Suffice it to say, I'm not much for sexual labeling. I'm ambisextrous...a sexual chameleon of sorts, where the 'what's' and 'how's' are determined by who I'm with and what WE want, at the time.
So, Jake...choose one of the pics and let me know. ;)
Posted by: Ethan | January 2007 at 01:16 PM
And....where's your fuckin' hnt post?
These dont count...They're not titled HNT... :-P so there....
*lick*
Posted by: Jake | January 2007 at 12:33 PM
YOU SEXY FUCKIN' VERSATILE STUD.... I'LL BE YOUR BITCH...IF YOU BE MINE....
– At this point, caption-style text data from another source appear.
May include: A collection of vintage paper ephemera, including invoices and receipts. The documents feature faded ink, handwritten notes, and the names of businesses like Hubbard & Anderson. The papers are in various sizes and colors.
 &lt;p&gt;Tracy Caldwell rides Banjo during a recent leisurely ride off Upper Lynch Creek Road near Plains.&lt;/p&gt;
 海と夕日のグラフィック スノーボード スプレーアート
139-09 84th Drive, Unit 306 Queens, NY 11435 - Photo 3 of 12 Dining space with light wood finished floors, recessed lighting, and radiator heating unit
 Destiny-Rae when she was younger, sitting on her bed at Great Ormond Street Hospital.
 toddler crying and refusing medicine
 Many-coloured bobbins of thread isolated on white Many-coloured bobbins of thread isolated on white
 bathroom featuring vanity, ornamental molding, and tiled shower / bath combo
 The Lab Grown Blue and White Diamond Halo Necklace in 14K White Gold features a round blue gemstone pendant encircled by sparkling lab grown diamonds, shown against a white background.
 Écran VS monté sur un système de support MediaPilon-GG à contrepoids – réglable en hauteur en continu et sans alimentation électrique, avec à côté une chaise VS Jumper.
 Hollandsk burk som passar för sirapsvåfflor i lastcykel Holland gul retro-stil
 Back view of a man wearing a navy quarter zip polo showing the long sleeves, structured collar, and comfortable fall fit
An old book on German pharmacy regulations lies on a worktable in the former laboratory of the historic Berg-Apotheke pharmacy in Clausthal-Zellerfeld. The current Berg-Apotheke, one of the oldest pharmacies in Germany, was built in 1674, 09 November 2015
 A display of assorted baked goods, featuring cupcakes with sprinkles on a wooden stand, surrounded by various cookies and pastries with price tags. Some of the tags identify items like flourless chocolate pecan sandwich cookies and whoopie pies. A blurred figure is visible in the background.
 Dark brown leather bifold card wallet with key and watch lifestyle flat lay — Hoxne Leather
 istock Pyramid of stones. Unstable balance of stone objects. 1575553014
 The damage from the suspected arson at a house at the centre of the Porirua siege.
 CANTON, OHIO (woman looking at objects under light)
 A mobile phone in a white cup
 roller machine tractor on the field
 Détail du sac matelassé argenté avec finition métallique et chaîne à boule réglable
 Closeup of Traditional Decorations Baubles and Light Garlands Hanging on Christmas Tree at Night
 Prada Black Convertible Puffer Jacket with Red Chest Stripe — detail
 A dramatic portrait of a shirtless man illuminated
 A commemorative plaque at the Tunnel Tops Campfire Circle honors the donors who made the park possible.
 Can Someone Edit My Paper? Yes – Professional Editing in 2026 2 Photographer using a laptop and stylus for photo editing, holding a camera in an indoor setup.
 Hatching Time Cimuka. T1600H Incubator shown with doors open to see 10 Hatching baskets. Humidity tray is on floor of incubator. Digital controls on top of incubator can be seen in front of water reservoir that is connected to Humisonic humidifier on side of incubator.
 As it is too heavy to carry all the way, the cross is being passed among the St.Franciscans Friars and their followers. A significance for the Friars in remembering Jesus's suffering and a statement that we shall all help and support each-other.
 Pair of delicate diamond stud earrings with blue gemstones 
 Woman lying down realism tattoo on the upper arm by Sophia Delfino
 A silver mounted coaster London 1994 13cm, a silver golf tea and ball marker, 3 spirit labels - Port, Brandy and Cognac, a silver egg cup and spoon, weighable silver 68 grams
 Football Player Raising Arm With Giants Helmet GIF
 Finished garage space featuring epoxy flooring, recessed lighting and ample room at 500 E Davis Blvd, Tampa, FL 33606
Posted by: Jake | January 2007 at 12:31 PM
Your reaction is quite understandible. No one likes to be stereotyped, or to have assumptions made about him on scant evidence. BUT would you have reacted the same way if the correspondent had, after looking at your more "butch" photo had said: "Oh, you hot, sexy bastard. How I yearn to feel your hot cock in my hungry bitch's hole."
What I'm suggesting is that you reaction might just betray a tinge of gay homophobia. It's fine to have people assume that you're a top, even if they're wrong. What riles is to have people assume you're a bottom, even if they're right.
Posted by: Bruce | January 2007 at 10:21 AM
In the eyes of a top, everyone is a bottom. Perhaps he was top. So maybe, wishful thinking on his part.